Keith rockets up, tail fluffing in shock and displeasure. He paws at his ear frantically, but it seems firmly set despite his agitation. 

“What are you doing?” A voice demands. “Take me off at once!” 

“I am trying!” Keith shouts rather desperately, rocketing around the hall in his distress. 

“Stop, stop-” then there’s another series of clicks. “Registered User: Keith Kogane,” the voice says. 

Keith stills. 

“That’s you, isn’t it?” The voice asks, sounding much more assured this time. 

“Maybe,” Keith hedges. 

“Hm…” The device clicks once more and a visor scrolls across his eyes. He bats at it instinctively. “Stop that, now,” the voice says. There’s a brief warm light. “Retinal scan confirmed. You’re Keith Kogane.” 

“How do you know my name?” Keith demands. “How did he know my name?” 

“I know your name because you’re a primary user. Shiro knows your name because-” the voice breaks off. “Shiro! Keith, I need to check his vitals.” 

Keith creeps closer to the Terran still slumped against the wall. “This is your Shiro?” He asks, just to be sure. 

“Takashi Shirogane, designation Phoenix-542. Biological age twenty seven. Piloting License Niner-3X9205B,” the voice recites. “Oh, that doesn’t matter just now, stop asking me questions, I’m busy.” 

“I apologize,” Keith says gravely. 

“Well… good.” The voice sounds mollified. “Look, I’ll tell you whatever you want to know _after_ I make sure he’s alright.

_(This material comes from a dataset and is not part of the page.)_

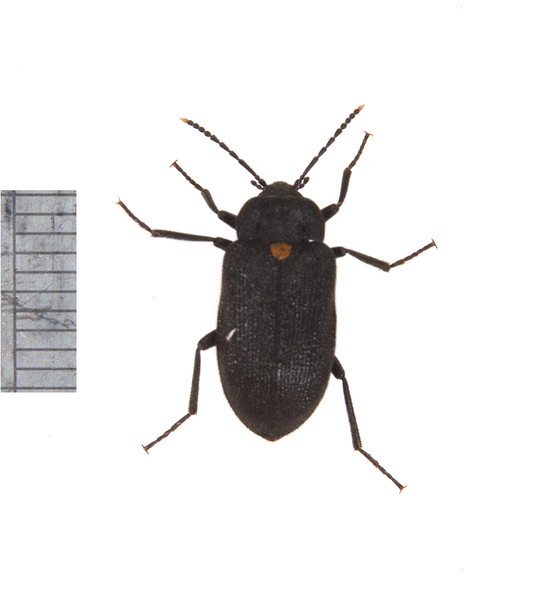 Tetratomidae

Kneel down now, keep your visor trained on his face and take his pulse along his left wrist.” 

Keith obeys. He quietly holds the Terran… Shiro’s… wrist, the visor registering the heart beat in the left lower corner of his display. He focuses his gaze on Shiro’s face while a whirr of numbers and measurements scroll to the top center. It’s a pleasant enough face, Keith supposes, though he has little enough to compare it with. It is no hardship to look on anyway. Keith even finds it enjoyable. 

“Are all Terrans like this?” He wonders aloud. 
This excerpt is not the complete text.